_Exercise_: Go through the data line by line. Copy each one holding the string "Watch".

==== Extracted records ====

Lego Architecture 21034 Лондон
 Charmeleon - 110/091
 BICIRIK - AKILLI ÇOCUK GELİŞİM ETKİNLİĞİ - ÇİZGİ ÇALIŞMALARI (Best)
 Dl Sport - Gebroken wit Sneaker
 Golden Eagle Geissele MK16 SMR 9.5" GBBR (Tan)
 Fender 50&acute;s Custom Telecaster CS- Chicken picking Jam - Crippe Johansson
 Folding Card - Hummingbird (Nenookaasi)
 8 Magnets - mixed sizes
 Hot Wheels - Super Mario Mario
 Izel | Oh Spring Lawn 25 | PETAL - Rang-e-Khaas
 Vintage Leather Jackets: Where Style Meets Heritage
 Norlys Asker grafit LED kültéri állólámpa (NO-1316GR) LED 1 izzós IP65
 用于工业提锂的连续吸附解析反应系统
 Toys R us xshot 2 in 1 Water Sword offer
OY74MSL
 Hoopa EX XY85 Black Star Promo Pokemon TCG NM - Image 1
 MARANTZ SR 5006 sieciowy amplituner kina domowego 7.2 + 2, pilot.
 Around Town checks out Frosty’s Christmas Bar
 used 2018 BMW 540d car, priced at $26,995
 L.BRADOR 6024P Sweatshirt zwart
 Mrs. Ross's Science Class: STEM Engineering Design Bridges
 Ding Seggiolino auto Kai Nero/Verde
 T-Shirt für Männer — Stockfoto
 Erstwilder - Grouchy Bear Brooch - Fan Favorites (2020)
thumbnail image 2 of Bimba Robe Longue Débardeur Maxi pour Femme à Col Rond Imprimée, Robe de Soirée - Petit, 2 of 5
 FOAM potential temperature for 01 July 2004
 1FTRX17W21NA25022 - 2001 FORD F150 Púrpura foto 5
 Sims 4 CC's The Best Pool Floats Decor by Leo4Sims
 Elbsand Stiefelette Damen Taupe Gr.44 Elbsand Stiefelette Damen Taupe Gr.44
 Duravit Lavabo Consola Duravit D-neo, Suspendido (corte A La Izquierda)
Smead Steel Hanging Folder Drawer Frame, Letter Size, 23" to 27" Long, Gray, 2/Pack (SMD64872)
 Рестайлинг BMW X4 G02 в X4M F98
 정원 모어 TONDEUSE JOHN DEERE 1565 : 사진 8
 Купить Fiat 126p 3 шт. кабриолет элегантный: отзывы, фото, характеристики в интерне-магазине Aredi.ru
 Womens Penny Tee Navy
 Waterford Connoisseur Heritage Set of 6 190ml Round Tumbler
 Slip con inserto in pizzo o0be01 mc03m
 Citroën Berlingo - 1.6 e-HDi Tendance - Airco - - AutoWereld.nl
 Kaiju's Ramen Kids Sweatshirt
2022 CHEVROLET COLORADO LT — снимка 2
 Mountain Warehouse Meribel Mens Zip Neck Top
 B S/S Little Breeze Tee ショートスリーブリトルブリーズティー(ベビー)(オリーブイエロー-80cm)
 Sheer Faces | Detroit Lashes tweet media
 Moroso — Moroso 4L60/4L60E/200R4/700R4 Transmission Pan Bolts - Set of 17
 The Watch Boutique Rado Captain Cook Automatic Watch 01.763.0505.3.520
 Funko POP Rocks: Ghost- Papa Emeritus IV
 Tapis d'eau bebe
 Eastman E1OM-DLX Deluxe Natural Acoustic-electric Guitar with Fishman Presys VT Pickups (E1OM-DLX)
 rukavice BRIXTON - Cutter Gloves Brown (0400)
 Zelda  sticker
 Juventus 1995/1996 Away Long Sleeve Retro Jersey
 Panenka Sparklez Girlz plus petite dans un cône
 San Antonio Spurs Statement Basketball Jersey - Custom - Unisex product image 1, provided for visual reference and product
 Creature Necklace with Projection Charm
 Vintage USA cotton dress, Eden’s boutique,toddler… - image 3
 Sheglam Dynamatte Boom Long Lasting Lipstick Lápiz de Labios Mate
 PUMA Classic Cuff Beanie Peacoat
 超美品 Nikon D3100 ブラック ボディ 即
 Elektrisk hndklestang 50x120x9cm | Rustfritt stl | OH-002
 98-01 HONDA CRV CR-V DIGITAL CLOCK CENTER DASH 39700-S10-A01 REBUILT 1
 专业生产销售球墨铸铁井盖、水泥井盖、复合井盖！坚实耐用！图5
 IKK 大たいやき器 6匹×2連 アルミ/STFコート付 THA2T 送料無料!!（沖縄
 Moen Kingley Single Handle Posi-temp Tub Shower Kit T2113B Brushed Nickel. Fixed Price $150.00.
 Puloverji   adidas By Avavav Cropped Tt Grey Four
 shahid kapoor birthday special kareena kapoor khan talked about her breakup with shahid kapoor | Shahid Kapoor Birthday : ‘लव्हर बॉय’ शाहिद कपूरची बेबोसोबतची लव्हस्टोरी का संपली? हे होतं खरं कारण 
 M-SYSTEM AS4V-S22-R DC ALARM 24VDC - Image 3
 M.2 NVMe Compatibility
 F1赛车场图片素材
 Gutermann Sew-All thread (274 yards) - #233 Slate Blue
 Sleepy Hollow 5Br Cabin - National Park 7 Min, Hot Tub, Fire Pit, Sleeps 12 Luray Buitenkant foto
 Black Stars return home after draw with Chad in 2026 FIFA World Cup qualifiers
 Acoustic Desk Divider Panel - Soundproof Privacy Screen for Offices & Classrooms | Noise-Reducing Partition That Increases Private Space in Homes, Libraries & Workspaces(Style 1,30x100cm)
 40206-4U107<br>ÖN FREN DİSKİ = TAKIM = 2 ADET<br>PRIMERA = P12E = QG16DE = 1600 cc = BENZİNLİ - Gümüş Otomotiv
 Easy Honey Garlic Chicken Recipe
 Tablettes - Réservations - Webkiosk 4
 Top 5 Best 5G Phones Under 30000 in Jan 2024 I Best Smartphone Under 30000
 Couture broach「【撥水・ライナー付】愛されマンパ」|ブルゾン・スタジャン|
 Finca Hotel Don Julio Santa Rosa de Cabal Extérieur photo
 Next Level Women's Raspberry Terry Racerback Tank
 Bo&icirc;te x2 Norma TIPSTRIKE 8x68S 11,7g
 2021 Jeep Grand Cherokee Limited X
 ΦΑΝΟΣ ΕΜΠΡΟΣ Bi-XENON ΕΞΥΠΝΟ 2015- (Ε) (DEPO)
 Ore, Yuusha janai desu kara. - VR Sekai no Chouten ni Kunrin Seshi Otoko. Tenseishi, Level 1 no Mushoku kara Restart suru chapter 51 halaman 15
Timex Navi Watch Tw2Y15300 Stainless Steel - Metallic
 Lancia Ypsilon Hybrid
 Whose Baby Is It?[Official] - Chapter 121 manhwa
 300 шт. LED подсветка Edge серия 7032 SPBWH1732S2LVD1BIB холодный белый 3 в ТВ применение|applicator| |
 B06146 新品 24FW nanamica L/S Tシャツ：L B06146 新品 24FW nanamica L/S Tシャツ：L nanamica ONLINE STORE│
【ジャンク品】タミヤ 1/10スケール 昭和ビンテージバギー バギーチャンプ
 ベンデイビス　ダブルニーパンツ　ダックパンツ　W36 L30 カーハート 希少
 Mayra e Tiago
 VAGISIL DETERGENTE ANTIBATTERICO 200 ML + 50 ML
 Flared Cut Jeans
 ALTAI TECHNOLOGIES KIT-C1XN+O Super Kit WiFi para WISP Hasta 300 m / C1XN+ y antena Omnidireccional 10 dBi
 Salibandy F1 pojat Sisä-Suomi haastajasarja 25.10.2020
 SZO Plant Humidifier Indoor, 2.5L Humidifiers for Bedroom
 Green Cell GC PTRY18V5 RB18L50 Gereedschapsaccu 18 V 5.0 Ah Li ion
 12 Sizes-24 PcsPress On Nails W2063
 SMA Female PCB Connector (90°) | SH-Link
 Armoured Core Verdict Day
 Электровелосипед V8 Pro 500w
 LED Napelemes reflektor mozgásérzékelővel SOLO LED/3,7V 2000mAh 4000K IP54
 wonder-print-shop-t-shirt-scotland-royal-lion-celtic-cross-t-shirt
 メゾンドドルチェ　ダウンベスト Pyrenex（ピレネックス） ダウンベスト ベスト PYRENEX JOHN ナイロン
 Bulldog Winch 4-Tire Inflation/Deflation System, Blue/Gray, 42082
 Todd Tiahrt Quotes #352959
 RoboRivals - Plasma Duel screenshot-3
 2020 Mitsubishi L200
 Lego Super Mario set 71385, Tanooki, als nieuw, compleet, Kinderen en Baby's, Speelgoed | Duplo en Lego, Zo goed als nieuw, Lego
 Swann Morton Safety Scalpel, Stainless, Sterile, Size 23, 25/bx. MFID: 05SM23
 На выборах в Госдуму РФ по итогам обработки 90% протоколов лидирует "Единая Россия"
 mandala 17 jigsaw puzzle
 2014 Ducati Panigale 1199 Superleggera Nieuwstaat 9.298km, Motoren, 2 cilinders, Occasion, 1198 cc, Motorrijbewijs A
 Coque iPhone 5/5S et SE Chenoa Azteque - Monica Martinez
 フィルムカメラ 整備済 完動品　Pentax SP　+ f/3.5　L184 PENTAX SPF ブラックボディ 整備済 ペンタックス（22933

====

_Exercise result_:
 The Watch Boutique Rado Captain Cook Automatic Watch 01.763.0505.3.520
Timex Navi Watch Tw2Y15300 Stainless Steel - Metallic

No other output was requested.